# Gill net in Alabama???



## jspooney (Oct 2, 2007)

Is it still legal to use a gill net in Alabama? Do I just need an Alabama fishing license or something else?


----------



## Fishin Ski (Apr 27, 2011)

I am pretty sure that it is illegal. I think it can only be used by certain researchers.....


----------



## xl883lo (Oct 24, 2007)

jspooney said:


> Is it still legal to use a gill net in Alabama? Do I just need an Alabama fishing license or something else?


Here are the abbreviated recreational regs......you have to have a gill net license.

http://www.outdooralabama.com/fishing/saltwater/regulations/Rec Gill Net Regs.pdf

Here are the coplete regs section 220-3.3 pages 3-12 to 3-20.

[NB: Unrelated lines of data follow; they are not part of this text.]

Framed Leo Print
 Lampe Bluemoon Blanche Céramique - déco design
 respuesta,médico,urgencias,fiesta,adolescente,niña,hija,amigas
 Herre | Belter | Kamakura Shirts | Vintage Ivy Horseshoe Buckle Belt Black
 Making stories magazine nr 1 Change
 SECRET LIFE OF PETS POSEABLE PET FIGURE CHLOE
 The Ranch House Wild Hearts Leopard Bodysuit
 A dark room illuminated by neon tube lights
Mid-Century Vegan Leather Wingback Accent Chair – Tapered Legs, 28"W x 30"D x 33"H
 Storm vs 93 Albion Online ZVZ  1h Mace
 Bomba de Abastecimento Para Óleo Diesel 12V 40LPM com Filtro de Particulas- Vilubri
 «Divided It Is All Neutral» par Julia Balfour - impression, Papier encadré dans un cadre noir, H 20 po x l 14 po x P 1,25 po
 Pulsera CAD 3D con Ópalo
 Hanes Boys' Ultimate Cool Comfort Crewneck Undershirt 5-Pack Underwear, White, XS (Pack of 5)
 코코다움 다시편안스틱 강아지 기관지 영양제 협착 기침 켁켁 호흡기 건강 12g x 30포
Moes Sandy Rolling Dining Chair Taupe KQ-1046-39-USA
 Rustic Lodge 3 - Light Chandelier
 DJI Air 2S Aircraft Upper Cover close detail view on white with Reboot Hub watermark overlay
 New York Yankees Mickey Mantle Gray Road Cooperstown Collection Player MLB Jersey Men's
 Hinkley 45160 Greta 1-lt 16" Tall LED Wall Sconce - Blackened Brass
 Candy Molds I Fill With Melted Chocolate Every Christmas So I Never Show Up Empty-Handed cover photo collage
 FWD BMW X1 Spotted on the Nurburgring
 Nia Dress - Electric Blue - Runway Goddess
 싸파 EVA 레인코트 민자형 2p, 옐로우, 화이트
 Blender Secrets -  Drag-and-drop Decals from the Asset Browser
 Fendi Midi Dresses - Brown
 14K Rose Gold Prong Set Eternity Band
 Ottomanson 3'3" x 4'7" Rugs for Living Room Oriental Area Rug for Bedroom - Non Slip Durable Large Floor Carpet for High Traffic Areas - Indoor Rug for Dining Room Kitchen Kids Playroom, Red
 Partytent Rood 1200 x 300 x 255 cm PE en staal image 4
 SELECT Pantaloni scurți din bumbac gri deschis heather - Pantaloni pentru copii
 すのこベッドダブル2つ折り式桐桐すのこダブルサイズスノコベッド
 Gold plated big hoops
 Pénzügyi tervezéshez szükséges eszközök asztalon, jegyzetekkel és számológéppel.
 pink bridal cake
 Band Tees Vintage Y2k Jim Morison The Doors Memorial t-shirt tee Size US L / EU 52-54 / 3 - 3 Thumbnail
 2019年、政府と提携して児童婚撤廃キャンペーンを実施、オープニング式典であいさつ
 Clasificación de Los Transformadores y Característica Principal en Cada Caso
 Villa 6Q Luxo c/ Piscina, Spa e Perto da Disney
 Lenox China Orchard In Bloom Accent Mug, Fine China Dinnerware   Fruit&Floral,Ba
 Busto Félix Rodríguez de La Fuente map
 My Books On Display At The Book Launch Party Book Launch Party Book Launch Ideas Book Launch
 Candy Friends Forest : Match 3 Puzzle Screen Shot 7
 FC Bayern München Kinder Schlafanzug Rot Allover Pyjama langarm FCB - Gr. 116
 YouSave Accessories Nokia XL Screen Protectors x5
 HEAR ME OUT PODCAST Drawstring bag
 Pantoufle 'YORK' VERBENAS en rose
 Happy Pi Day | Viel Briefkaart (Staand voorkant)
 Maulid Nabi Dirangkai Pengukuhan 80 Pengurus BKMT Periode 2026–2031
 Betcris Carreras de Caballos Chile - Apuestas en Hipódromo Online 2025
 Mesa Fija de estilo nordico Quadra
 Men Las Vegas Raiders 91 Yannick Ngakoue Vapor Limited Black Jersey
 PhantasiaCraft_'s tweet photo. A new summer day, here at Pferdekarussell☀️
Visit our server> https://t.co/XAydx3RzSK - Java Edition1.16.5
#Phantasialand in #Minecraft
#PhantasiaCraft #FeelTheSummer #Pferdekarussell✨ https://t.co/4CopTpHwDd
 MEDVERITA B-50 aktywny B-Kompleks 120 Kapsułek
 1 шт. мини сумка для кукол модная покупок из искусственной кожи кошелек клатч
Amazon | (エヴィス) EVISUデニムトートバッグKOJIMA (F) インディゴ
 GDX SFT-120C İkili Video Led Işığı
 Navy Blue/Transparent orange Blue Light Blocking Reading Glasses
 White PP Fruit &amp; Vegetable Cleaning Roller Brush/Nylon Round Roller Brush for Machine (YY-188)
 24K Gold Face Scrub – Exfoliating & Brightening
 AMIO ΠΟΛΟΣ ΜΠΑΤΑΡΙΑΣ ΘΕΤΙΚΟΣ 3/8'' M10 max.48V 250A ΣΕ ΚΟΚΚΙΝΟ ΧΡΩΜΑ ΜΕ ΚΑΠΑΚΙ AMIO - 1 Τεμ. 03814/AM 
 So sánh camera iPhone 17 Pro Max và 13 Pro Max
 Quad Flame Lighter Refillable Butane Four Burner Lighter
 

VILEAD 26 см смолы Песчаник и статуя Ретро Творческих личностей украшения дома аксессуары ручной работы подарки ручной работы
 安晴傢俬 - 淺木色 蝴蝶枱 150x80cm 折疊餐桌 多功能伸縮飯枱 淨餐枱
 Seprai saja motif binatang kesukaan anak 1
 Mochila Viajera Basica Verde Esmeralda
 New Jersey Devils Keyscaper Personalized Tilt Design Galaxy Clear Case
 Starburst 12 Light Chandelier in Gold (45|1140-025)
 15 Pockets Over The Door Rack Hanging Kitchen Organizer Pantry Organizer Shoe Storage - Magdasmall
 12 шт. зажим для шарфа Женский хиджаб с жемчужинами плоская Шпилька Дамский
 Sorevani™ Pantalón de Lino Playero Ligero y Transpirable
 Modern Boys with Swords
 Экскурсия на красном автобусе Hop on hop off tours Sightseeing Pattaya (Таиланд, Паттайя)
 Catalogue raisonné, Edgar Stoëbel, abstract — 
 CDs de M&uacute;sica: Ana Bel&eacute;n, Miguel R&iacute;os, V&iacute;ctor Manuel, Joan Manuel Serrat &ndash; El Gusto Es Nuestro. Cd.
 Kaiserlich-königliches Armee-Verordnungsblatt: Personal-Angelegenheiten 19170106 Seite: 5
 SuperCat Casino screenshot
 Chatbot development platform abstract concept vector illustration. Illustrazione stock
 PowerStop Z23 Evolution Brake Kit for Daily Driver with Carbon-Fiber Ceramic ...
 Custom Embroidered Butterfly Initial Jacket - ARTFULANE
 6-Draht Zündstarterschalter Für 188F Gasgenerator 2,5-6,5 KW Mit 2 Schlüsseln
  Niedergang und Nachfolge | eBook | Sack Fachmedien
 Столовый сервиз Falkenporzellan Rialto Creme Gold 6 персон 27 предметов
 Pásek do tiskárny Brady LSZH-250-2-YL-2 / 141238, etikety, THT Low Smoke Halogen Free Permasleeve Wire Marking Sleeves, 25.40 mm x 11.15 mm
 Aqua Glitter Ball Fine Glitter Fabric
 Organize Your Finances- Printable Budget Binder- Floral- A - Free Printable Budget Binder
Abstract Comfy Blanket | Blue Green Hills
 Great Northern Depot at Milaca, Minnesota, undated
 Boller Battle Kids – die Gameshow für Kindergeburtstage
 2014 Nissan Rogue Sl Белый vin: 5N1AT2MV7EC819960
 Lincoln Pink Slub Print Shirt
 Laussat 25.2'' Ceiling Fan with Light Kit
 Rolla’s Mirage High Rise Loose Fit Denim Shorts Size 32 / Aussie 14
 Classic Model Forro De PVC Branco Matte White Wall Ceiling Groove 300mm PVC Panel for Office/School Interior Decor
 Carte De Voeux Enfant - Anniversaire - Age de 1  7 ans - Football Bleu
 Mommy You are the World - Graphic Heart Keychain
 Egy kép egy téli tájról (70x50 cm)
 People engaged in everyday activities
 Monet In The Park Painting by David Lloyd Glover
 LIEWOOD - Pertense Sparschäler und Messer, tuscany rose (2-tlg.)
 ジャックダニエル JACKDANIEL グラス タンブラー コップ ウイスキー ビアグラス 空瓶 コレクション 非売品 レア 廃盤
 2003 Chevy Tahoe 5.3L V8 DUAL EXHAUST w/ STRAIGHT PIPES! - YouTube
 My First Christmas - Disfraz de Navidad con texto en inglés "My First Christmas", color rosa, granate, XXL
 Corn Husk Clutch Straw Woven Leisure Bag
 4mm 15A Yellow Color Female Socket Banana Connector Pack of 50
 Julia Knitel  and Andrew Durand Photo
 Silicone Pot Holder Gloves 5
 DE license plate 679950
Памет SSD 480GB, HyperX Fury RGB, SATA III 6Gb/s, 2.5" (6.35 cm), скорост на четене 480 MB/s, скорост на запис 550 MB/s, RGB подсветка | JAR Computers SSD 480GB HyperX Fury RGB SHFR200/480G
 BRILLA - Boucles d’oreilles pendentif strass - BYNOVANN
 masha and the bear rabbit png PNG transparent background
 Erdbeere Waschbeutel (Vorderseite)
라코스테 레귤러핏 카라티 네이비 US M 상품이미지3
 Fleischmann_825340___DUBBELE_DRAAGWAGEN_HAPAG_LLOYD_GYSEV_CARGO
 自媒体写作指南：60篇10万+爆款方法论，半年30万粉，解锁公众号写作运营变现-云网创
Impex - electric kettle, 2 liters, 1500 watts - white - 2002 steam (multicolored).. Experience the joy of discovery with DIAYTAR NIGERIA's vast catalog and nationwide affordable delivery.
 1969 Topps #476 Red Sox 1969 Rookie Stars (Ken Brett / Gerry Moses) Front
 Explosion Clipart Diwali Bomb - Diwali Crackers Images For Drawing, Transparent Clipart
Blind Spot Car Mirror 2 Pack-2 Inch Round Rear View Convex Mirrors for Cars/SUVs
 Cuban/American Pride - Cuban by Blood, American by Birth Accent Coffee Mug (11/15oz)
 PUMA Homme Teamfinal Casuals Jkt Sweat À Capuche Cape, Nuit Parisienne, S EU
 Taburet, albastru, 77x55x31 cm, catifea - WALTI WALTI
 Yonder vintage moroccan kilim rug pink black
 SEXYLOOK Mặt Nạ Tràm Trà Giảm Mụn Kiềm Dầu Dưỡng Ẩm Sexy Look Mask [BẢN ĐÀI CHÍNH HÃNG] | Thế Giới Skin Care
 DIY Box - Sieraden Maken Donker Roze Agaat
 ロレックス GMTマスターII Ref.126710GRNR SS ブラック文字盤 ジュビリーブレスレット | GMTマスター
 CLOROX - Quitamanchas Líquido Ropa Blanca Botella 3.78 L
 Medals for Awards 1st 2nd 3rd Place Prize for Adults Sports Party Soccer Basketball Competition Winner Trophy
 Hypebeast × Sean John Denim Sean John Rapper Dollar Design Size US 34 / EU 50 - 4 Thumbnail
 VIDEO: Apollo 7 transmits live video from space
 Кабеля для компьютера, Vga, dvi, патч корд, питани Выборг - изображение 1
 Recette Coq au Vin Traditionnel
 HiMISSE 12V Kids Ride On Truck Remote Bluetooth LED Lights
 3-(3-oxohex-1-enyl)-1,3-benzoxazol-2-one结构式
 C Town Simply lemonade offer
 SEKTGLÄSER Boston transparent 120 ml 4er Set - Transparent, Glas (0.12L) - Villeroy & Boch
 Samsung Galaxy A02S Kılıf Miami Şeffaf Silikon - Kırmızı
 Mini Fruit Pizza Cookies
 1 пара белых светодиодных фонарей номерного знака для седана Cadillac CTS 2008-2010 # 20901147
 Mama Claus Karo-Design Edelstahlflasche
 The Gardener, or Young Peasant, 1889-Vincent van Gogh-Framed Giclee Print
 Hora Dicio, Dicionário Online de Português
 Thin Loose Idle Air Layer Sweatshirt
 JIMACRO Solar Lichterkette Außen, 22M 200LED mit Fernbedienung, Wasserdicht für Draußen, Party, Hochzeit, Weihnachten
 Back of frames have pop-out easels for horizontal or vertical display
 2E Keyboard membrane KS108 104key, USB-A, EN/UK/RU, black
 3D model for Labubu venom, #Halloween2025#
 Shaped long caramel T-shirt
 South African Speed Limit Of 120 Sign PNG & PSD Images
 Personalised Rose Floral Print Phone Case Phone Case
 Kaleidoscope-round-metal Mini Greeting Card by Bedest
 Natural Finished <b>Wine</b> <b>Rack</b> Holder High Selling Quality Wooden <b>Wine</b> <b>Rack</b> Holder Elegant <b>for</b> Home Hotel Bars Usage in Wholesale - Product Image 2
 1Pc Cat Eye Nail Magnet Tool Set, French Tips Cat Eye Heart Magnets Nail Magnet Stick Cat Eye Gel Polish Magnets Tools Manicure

http://www.alabamaadministrativecode.state.al.us/docs/con_/220-3.pdf


----------



## jspooney (Oct 2, 2007)

I finally found that a few minutes ago. Thank you. Now my question is this: If a Alabama resident has a gill net license, can I go with him and transport everything on my boat without a license if I am a Florida resident? In other words, do we all need a license or just one. Does the same apply for dragging a shrimp net?


----------



## Capt.Eugene (Nov 28, 2008)

jspooney: Sir I am Sure that the Lic holder has to be present,His lic has to be attached to the net,and be attended. I can not find on my Lic were it is or has to be my boat. 
However I believe I would have an Alabama nonresident saltwater fishing lic, Just to be safe, It does seem to be different rules about possession of fish while gill netting like: no gamefish such as spotted seatrout,Red drum,tarpon. 
On the Shrimping thing I pretty sure it is Linked to the boat towing the net.


----------



## ishmel407 (May 7, 2008)

*Rec Gill Net*

The license holder does have to be in the boat and his license number has to be attached to the net. They give you a little tag that you attach to the net with your number on it. You can only have three hundred feet of net and you cannot set it out of the boat. You have to use a wash tub or something of the sort. You dont have to have a gillnet license to be in the boat with the net as you bring to and from. They dont issue gillnet licenses in Alabama anymore to recreational fisherman. If you had one when they stopped issuing them then you get to keep it but if you ever let it lapse its gone for good. You can buy a Alabama shrimp license and have it attached to your boat and that boat is good for the season. Doesnt matter whos running the boat. Net has to be atteneded at all times as well. I also think that the gill net has to be set close to the shore. Cant remember what it is but I know thats a rule to. They dont want people using the net as a commercial deal and trying to round up mullet or whatever. You also can only have like a box of fish. Not sure of the box size. All bag limits still apply. If you got two people you better not have more than 20 flounder. Hope this helps.


----------



## amarcafina (Aug 24, 2008)

The gillnetters are hated beyond belief here in AL.


----------



## pappastratos (Oct 9, 2007)

amarcafina said:


> The gillnetters are hated beyond belief here in AL.


yep, but they still get to use them. I don't understand why the state officals say no ?


----------